- Written by Paul -
As the deadline rapidly approaches for the Buffalo Bills to decide whether or not to apply the franchise tag on three-time All-Pro free safety Jairus Byrd for the second consecutive year — a decision which will likely rest on whether the team and Byrd can agree to terms on a long-term contract before Monday – Bills fans, the front office, and probably Byrd himself hold out hope that the franchise player designation will be avoided and that he will instead sign a deal that keeps him in Buffalo for the foreseeable future.
Counter-intuitively, however, a second franchise tag may be the best thing when it comes to the interests of Jairus Byrd.
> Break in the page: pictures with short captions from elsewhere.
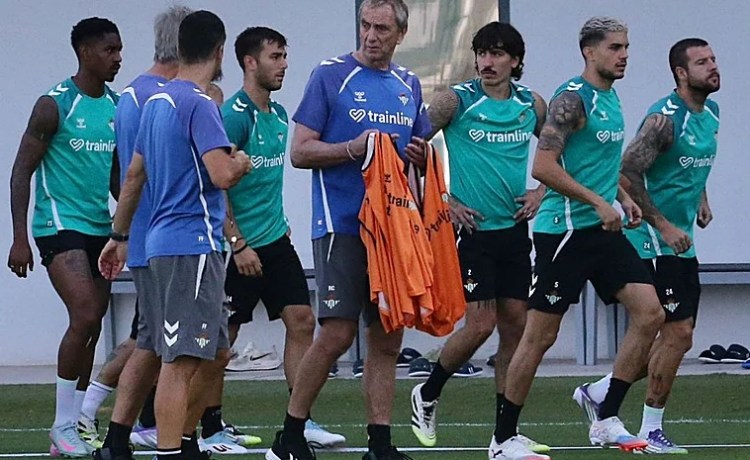 Losada, novedad en el entrenamiento antes de poner rumbo a Marbella Losada, novedad en el entrenamiento antes de poner rumbo a Marbella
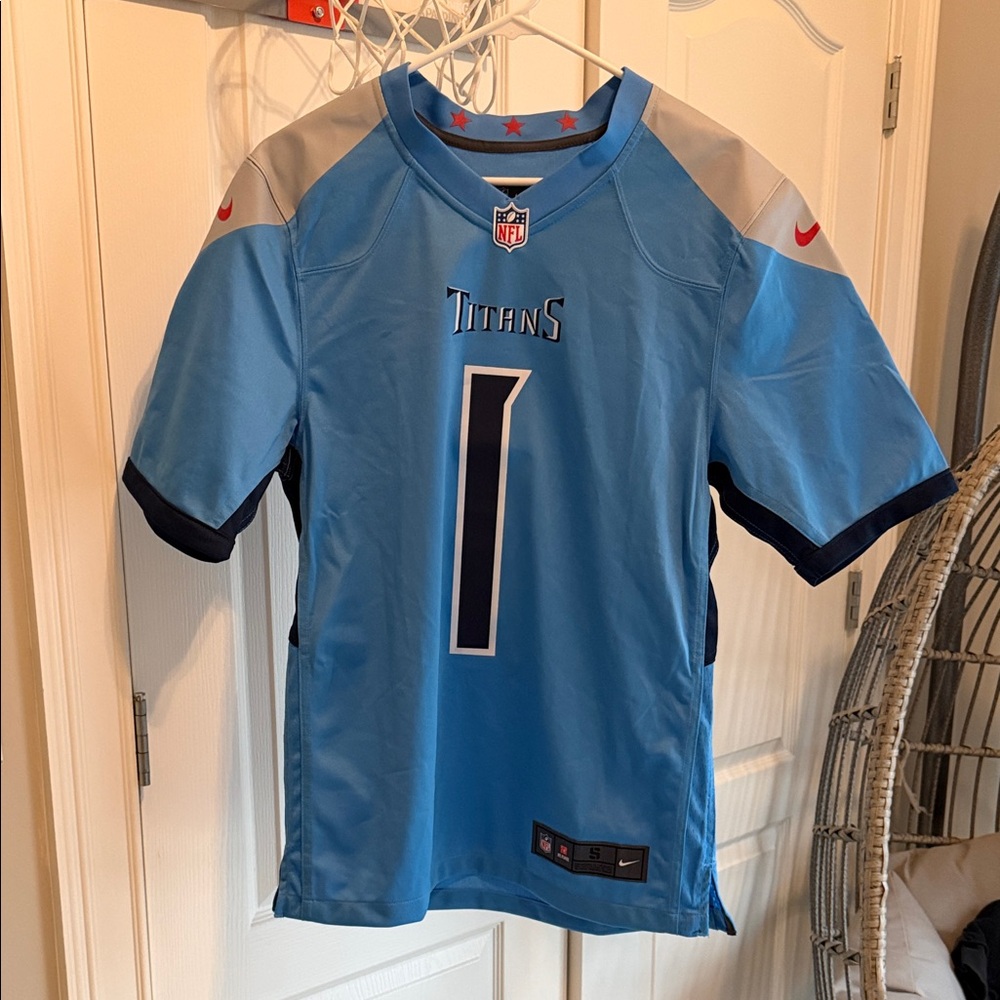 Nike Men’s Small Light Blue Titans Cam Ward Jersey - New with Tags
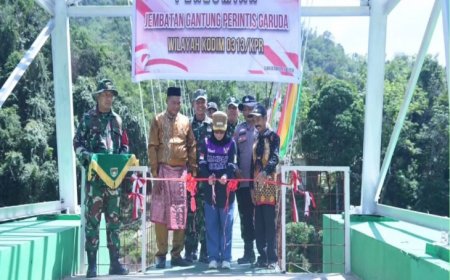 Wabup Misharti Resmikan Jembatan Gantung Perintis Garuda Bantuan Presiden RI di Desa Gajah Bertalut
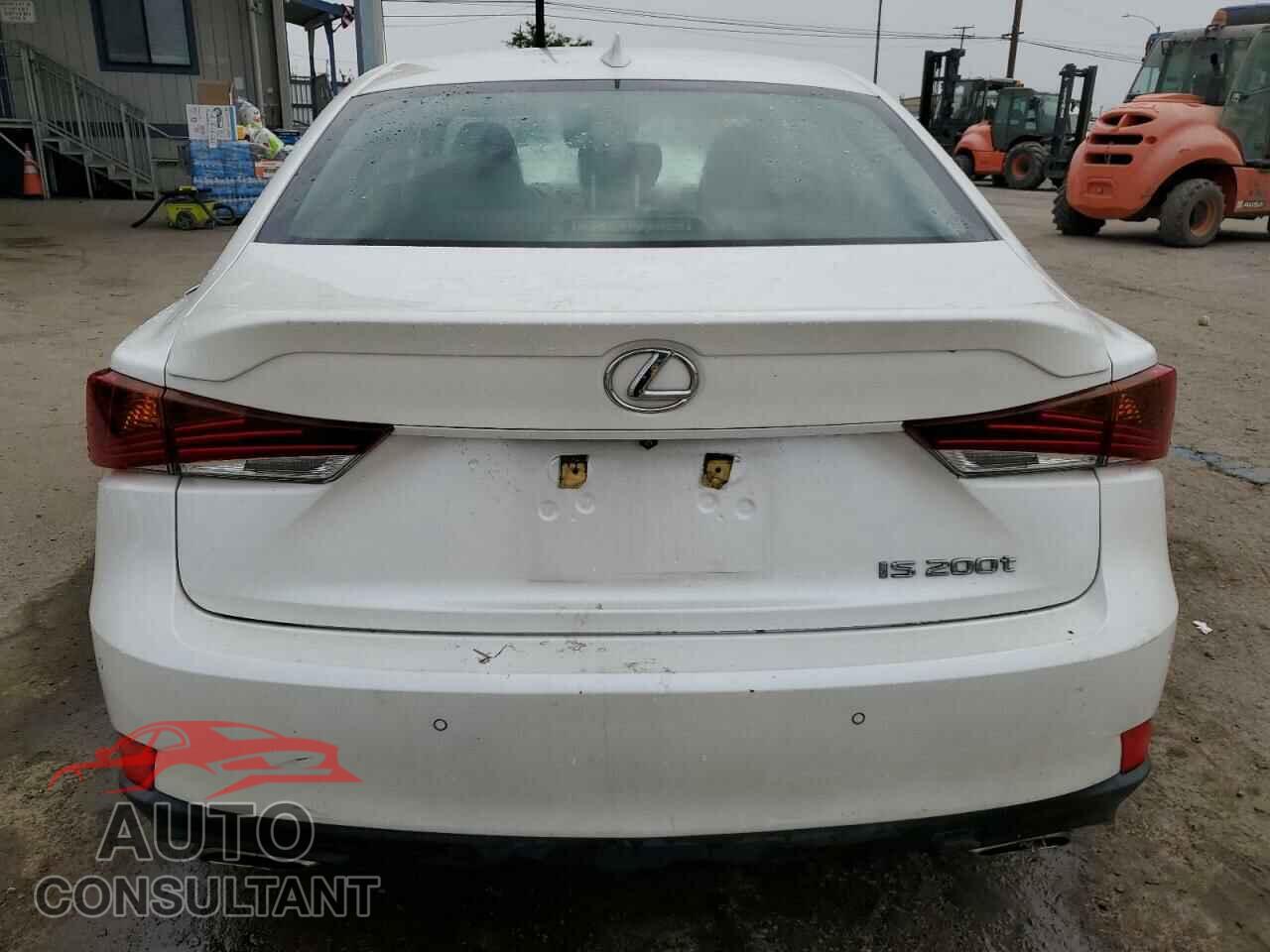LEXUS IS 2017 - JTHBA1D27H5047384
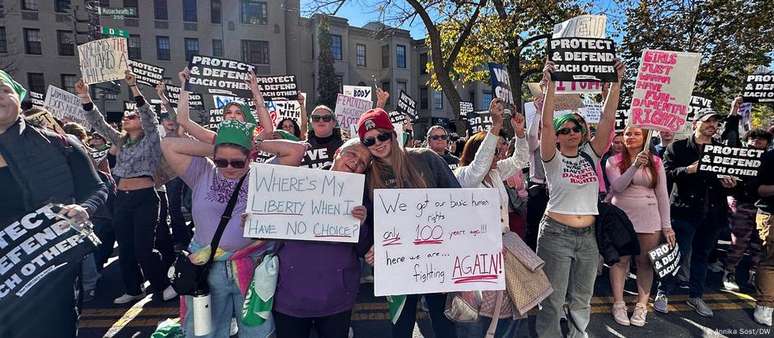 No sábado seguinte à eleição, Women's March reuniu centenas em Washington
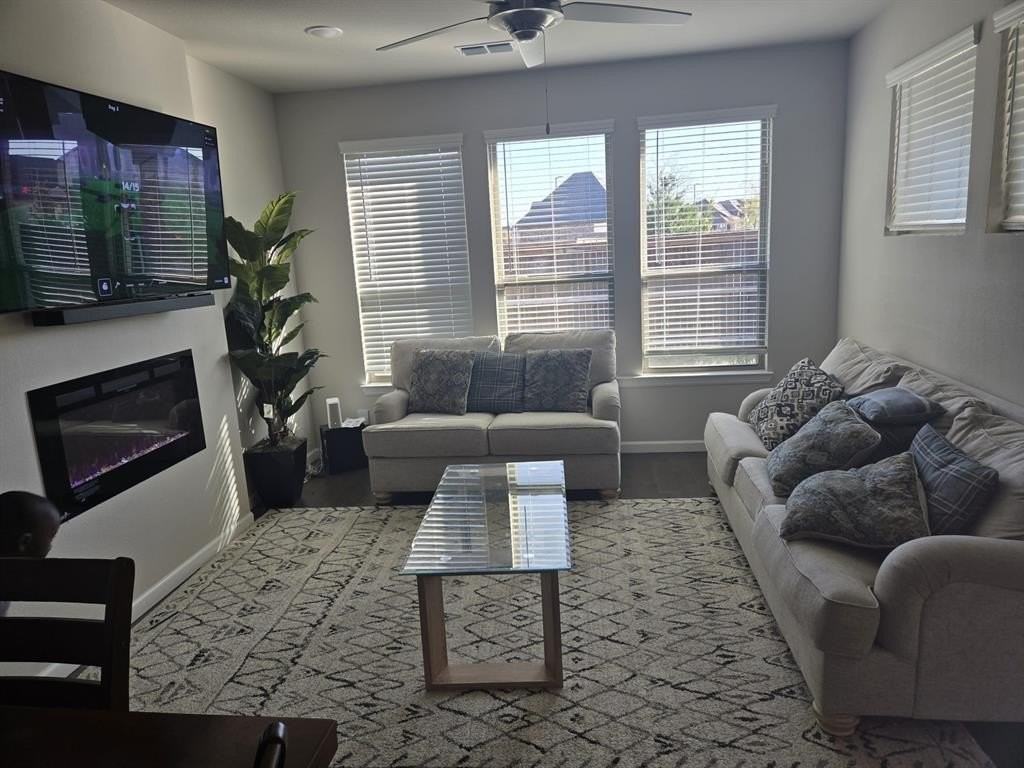 160 Arrow Wood Rd - Photo 6 of 17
Why? One word: money. For the sake of argument, let’s say that Byrd gets franchised again this year, then signs a long-term deal with a team (Buffalo or otherwise) next season.
And for the sake of simplicity (and ease of comparison), let’s say that Byrd signs the exact same salary as the player he is most frequently compared to: San Diego Chargers four-time All-Pro free safety Eric Weddle. (In reality of course, Byrd will get more because free agent salaries steeply inflate from one year to the next.)
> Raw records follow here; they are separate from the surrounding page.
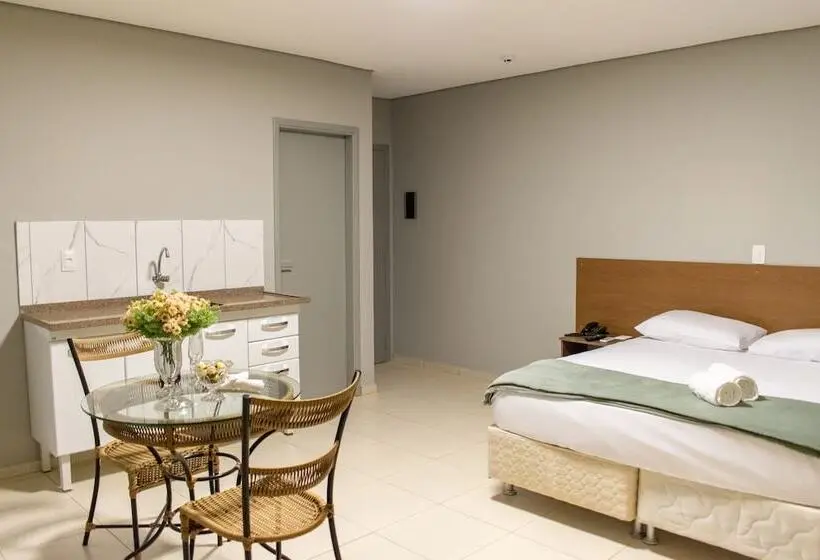 Standard-studio, Central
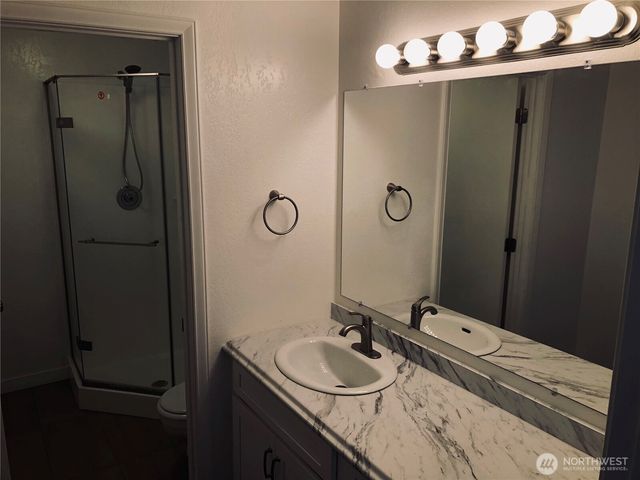 8624 Oxford Drive SE, Lacey, WA 98503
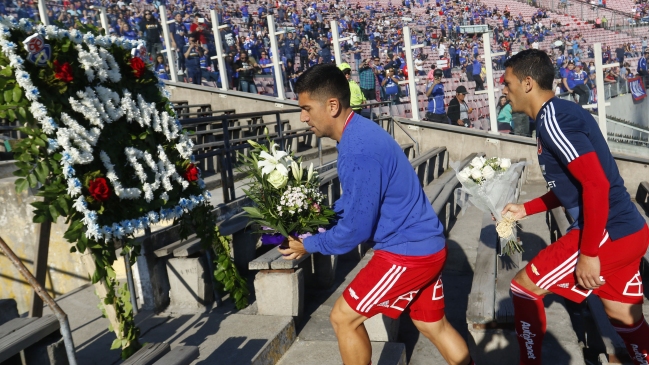 Recordamos el homenaje de David Pizarro e Isaac Díaz a las víctimas de la dictadura en el Nacional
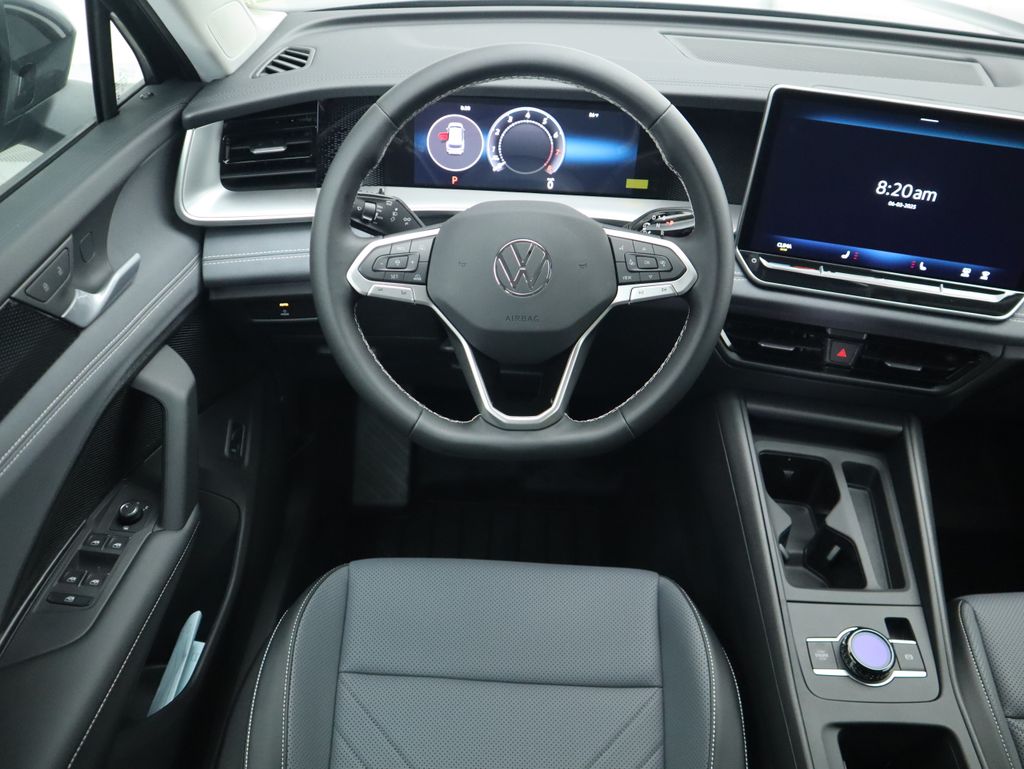 2025 Volkswagen Tiguan 2.0T 11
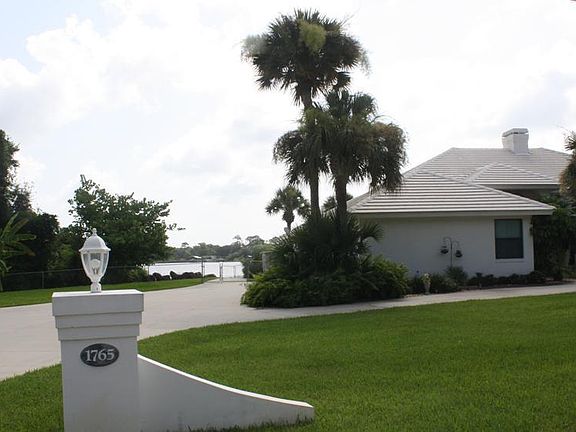 5th image of 1765 Bayview Dr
In July 2011, Weddle signed a contract worth $40 million over five years, with $19 million guaranteed. If Byrd plays on the franchise tag this year, he will earn $8.3 million, which would be fully guaranteed. Add that to the $6.9 million he was guaranteed for the 2013 season, and that means he will have pocketed $15.2 million over two seasons.
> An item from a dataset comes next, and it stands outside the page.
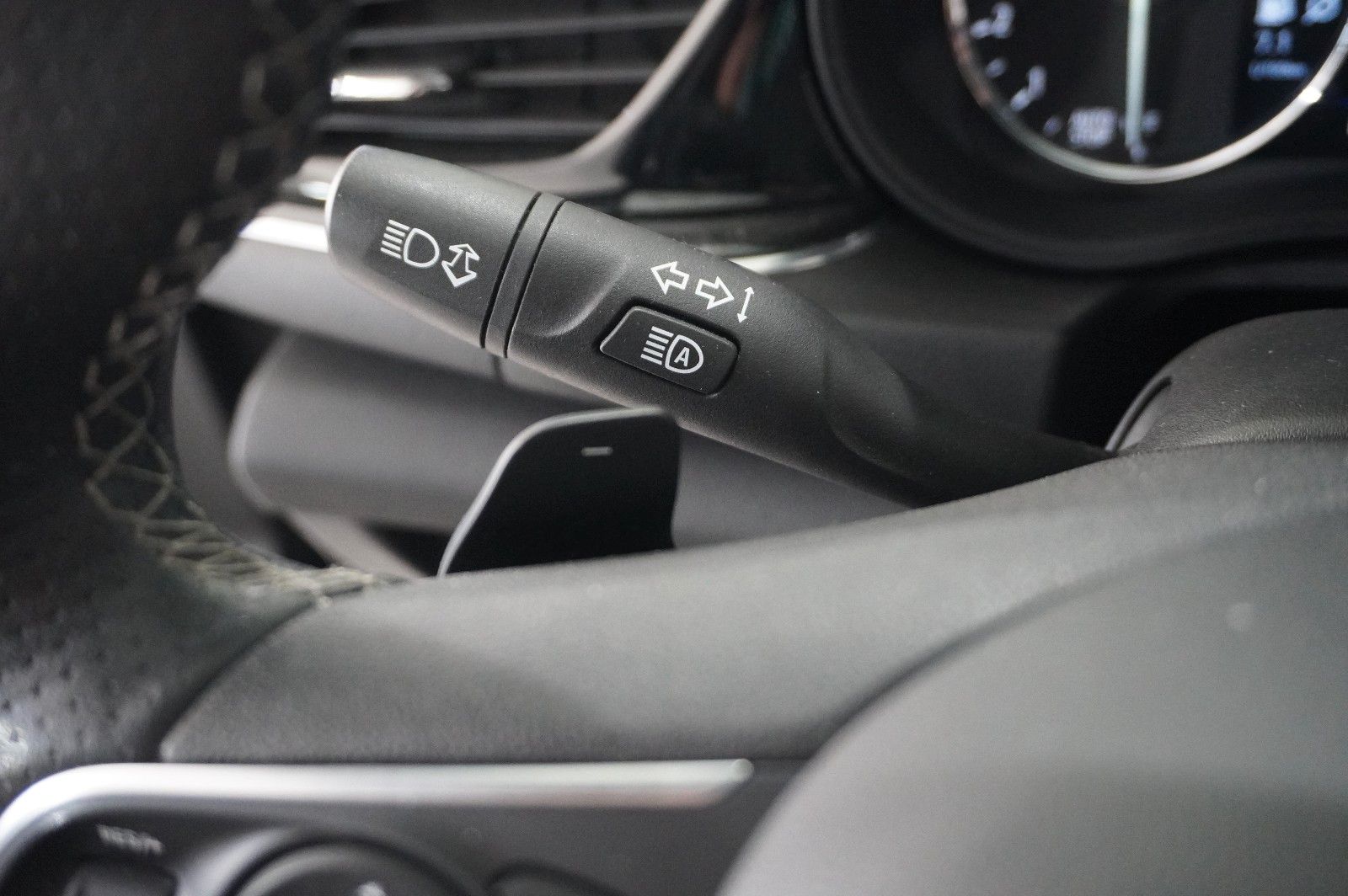 Fahrzeugabbildung Opel Insignia B ST 2.0D ULTIMATE NAVI/OPC/VIRT/SH/AHK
What happens next? Byrd plays to his usual level in 2014, the season ends, and he strikes it rich in free agency, getting a five-year, $40 million contract with $19 million in guaranteed money (again, yes – we know he would get more). What does that mean for his bottom line compared to Weddle’s? In essence, Byrd will have signed seven years’ worth of deals totaling $55.2 million, with a whopping $34.2 million of that being guaranteed money. That is about the maximum return a player at his position could possibly hope to make during the prime of his career in this day and age.
This hypothesis makes three key assumptions: that Byrd does maintain his high level of play in 2014, that the teams most willing to pay for his services in 2015 and beyond have the salary cap space available to sign him, and most importantly, that Byrd does not suffer any serious or long-term injury. From Byrd’s perspective, this is by far the biggest risk. If he signs the franchise tender and gets hurt, he may never see his big payday.
That said, he’ll still have made $15.2 million in 2013 and 2014, not to mention the $4.2 million from his four-year rookie contract (plus any bonuses he has earned during that time), so he would not exactly be hurting in terms of lifelong financial security.
But if he is willing to bet on 2014 being a healthy and productive season, then Byrd should not be in too much of a hurry to sign his name on the dotted line of any contract extension.